Peste noire sort aux éditions du Seuil. Historien, professeur au Collège de France, Patrick Boucheron y analyse en profondeur, avec tous les moyens de l’historiographie moderne, l’histoire de la maladie qui décima 60 % de la population en Europe au XIVe siècle. Un livre-événement.

Enquête sur notre humanité

Peste noire de Patrick Boucheron, Seuil, 2026, 576 p.

Une couverture intrigante : l’image de cinq corps, hommes et femmes mêlés, qui semblent évoluer dans l’espace au cours d’une danse désordonnée. S’agit-il d’anges qui chutent dans le ciel ou bien d’hommes qui tentent de s’agripper les uns aux autres pour se prémunir d’un malheur ? Si Patrick Boucheron a choisi ce tableau hyperréaliste en couverture de son livre, c’est qu’il dit bien le projet de celui-ci : raconter l’histoire de la peste signifie faire la narration de notre propre condition humaine. En tant qu’espèce, nous n’avons de cesse de mourir et renaître. Ainsi la peste est-elle la plus grande catastrophe démographique de l’histoire de l’humanité, mais montre aussi, en tant que phénomène sociétal, comment les populations européennes ont survécu à ce fléau et se sont organisées pour le dépasser.
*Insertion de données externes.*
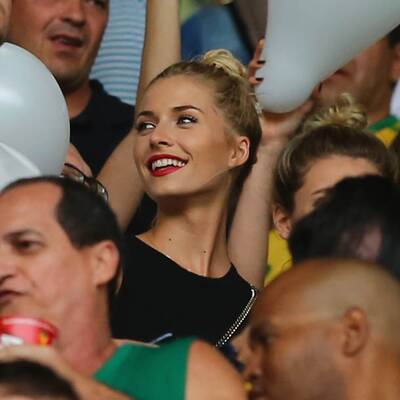 Deutsche Spielerfrauen feiern ausgiebig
Enquête au sens le plus large du terme, Peste noire est un impressionnant travail d’investigation et d’érudition qui combine les recherches dans des domaines aussi différents que l’archéologie, la génétique, la recherche médicale, les sciences de l’environnement et même… la paléontographie. C’est ce qui impressionne dans ce livre qui, non content d’assembler les savoirs, sait les organiser avec maestria autour du thème de la grande maladie qui propagea la mort de 1347 à 1352. Boucheron en raconte le flux : « Depuis Messine, la peste gagne toute la Sicile, puis, toujours par voie de mer, la Sardaigne, Reggio di Calabria, la Corse, l’île d’Elbe, Spalato en Dalmatie puis Gènes, mais aussi Raguse, d’où elle passe à Venise en même temps qu’elle gagne Malte, Tunis et finalement Marseille, porte d’entrée de la Provence et de toute l’Europe occidentale par la vallée du Rhône. »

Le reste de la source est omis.